Passei a linha de partida eu e o meu dragão. Vamos lá, agora é que vai ser. 
Nessa altura já me tinha esquecido da chuva, do meu dragão que deveria ter ficado para trás, era só eu, a minha respiração e a vontade inabalável de dar o meu melhor, de me divertir, de tornar a prova memorável.

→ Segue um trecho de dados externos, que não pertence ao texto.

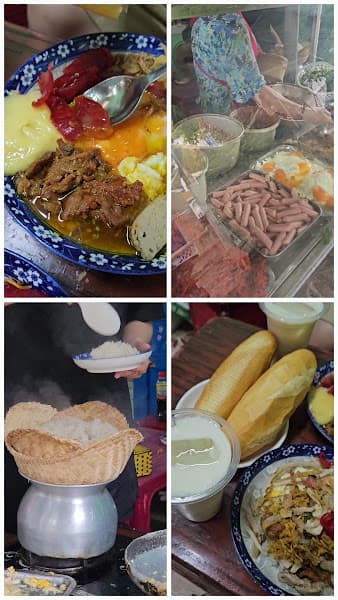 Hình ảnh Xôi Ngô Đức Kế - 3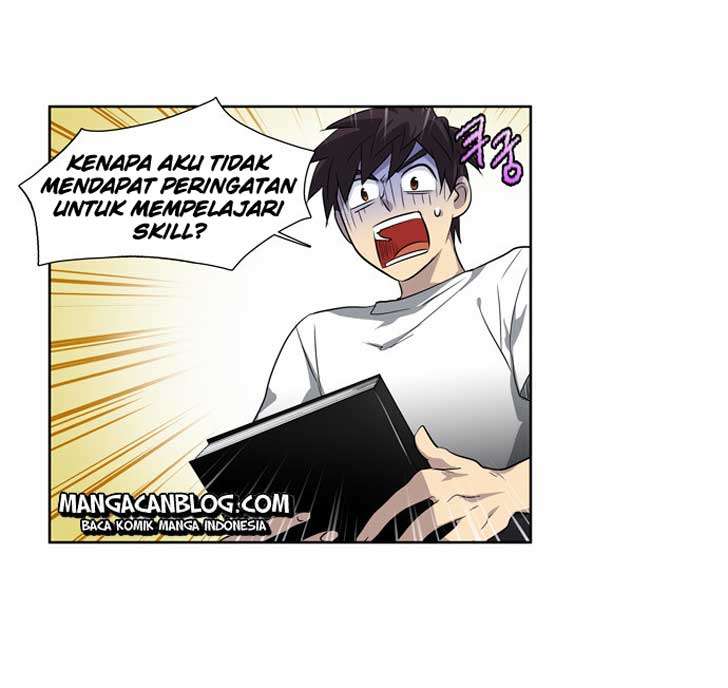 The Gamer Chapter 36 Gambar 4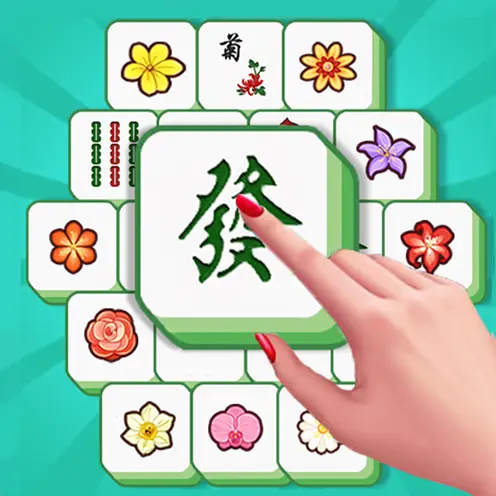 吃碰消消消游戏ICON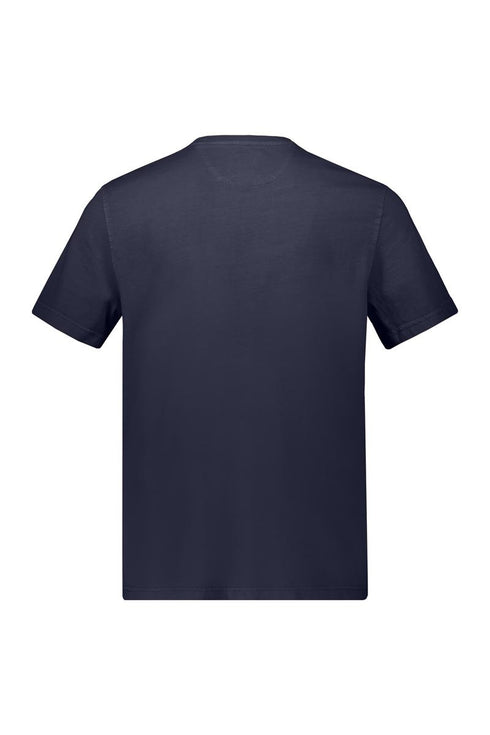 T-shirt Uomo HELMUT girocollo Blu CIESSE PIUMINI- Francavilla Moda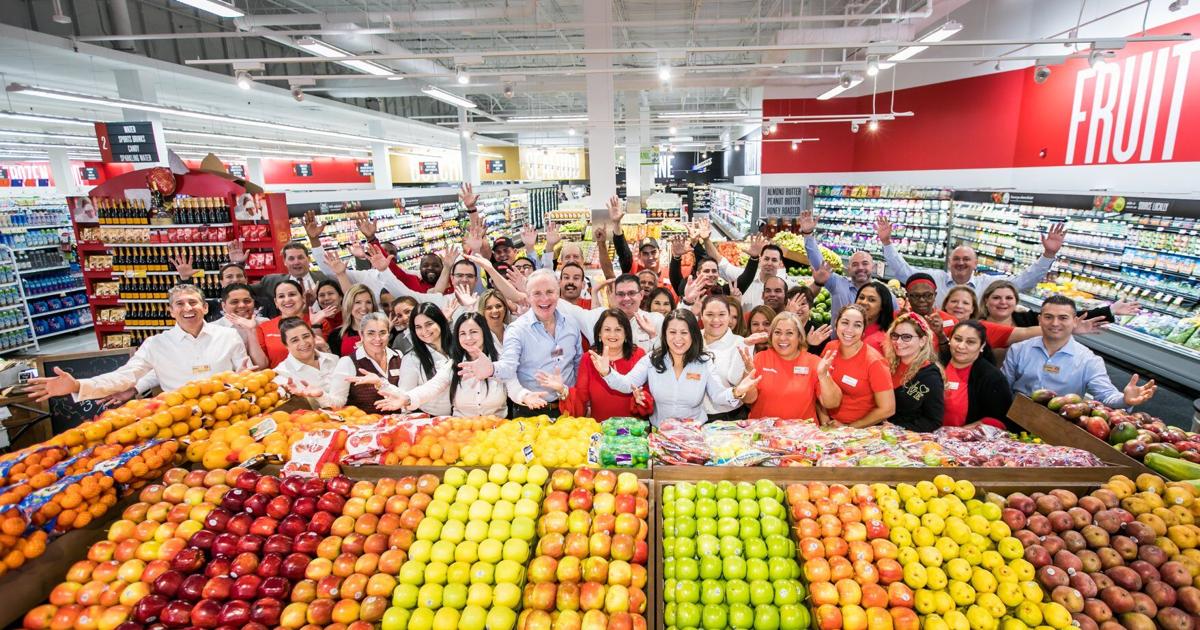 What Winn-Dixie’s rebrand means for Key Biscayne shoppers | Key Biscayne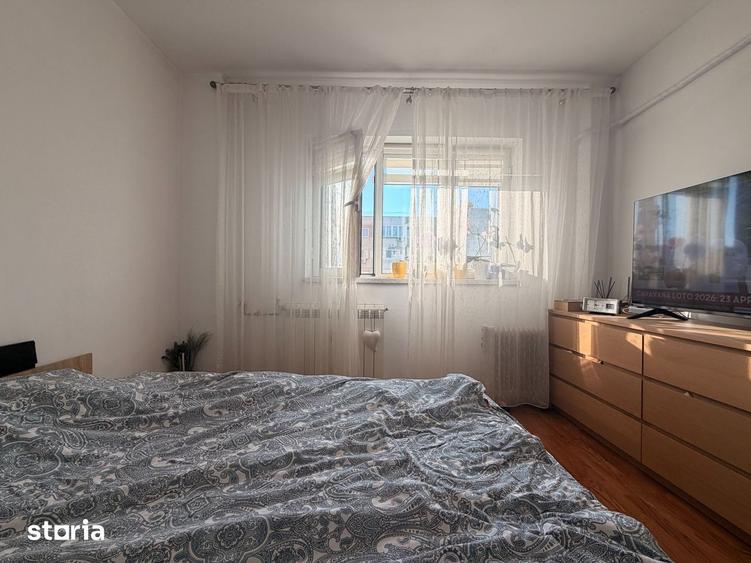 Apartament cu 2 camere în Crângași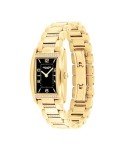 COACH Women's Stainless Steel Quartz Watch 14504319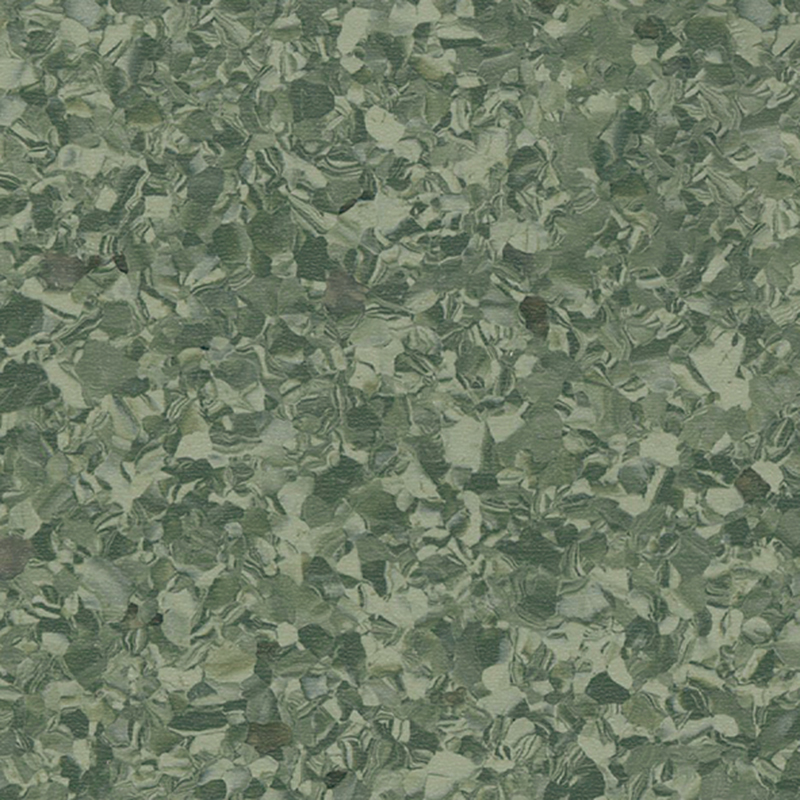 친환경 & 내구성이 뛰어난 균질 바닥재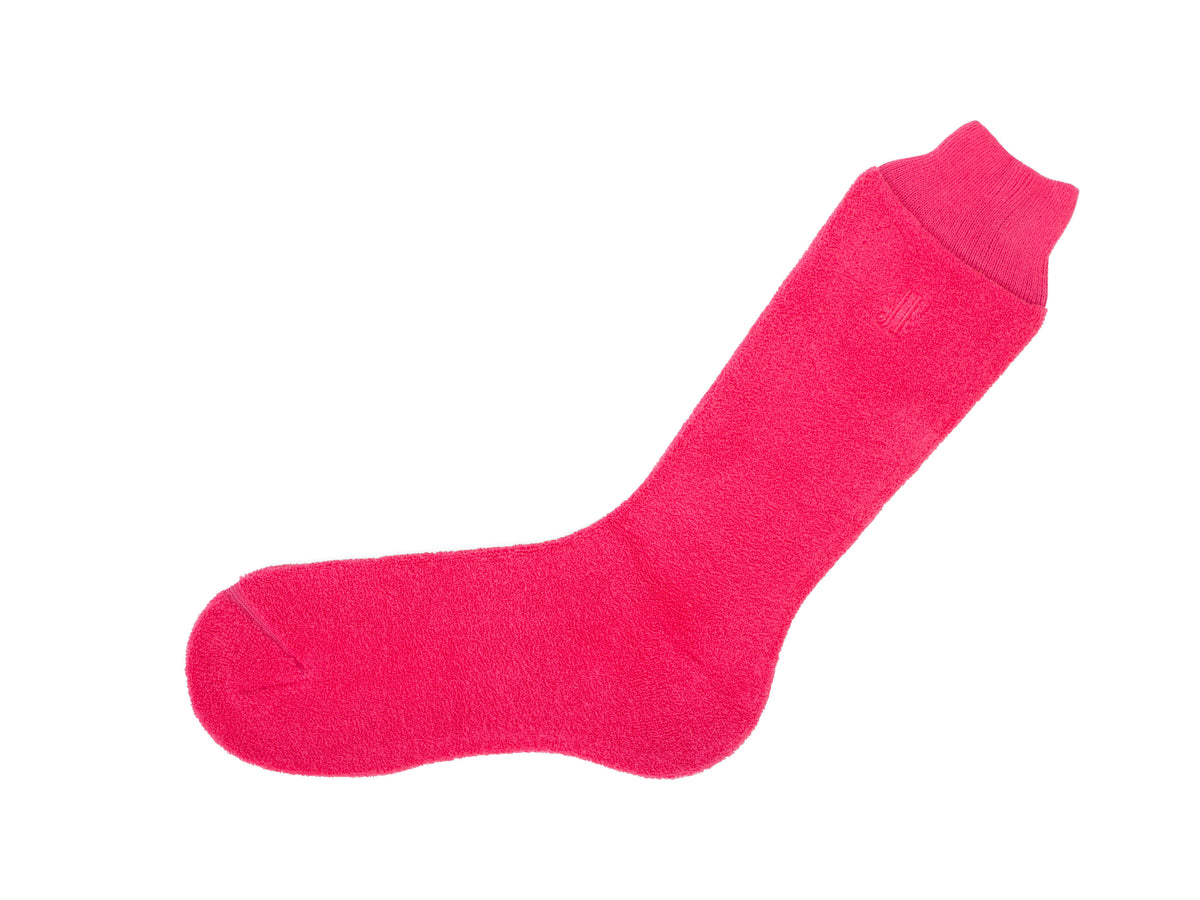 fuchsia - Left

O percurso foi mais uma vez lindo, na parte de Gaia, as caves, aquele cheiro tão intenso que me chegou a deixar tonta. A subida em direção à ponte do Infante que me envolveu com um relâmpago e ribombou no meu coração.
Passar a ponte e ver o rasto de luz do corredores do lado de Gaia e do lado do Porto e a luz dos caminhantes na ponte D.Luís foi a imagem que melhor respresenta a noite. Aquelas luzes faziam um círculo, como na vida com as suas voltas e reviravoltas.
No Porto fui recebida com chuva, senti o céu a abençoar-me, estava a ficar cansada e a perder as forças, a chuva revitalizou todos os meus músculos e deu-me o empurrão que faltava. 
Percorri ruas estreitas, as escadarias e calçadas molhadas que exigiam cuidados redobrados, a Sé, a Muralha Fernandina, os jardins do Palácio, o Porto é lindo!
Por fim a marginal, a alfândega e a meta cada vez mais perto.
Era o último fôlego. Ali estava a meta. Eu tinha conseguido.
O dragão rugiu algures no meio da multidão. 
Um sorriso quente rasgou-se na minha cara quando o meu olhar encontrou os dos meus amigos. Houve beijos e abraços. A sensação de missão cumprida e de que ali estavamos todos outra vez, tal como no início.

O endomondo! Tinha de o desligar. Segundo ele tinha falhado o meu objetivo por 3 minutos. Mas o meu sorriso continava lá, quente, naquela noite húmida e fria.
Um percurso lindo, mas muito duro. 
Os restantes amigos chegaram mais tarde, já a roupa e o corpo tinham gelado mas não podia ir embora sem um abraço, sem partilhar a alegria de tal como combinado ali estarmos todos novamente desta vez a correr.

Promessas para o ano? Ninguém as fez, mas sei que ainda não é aqui que o dragão irá parar.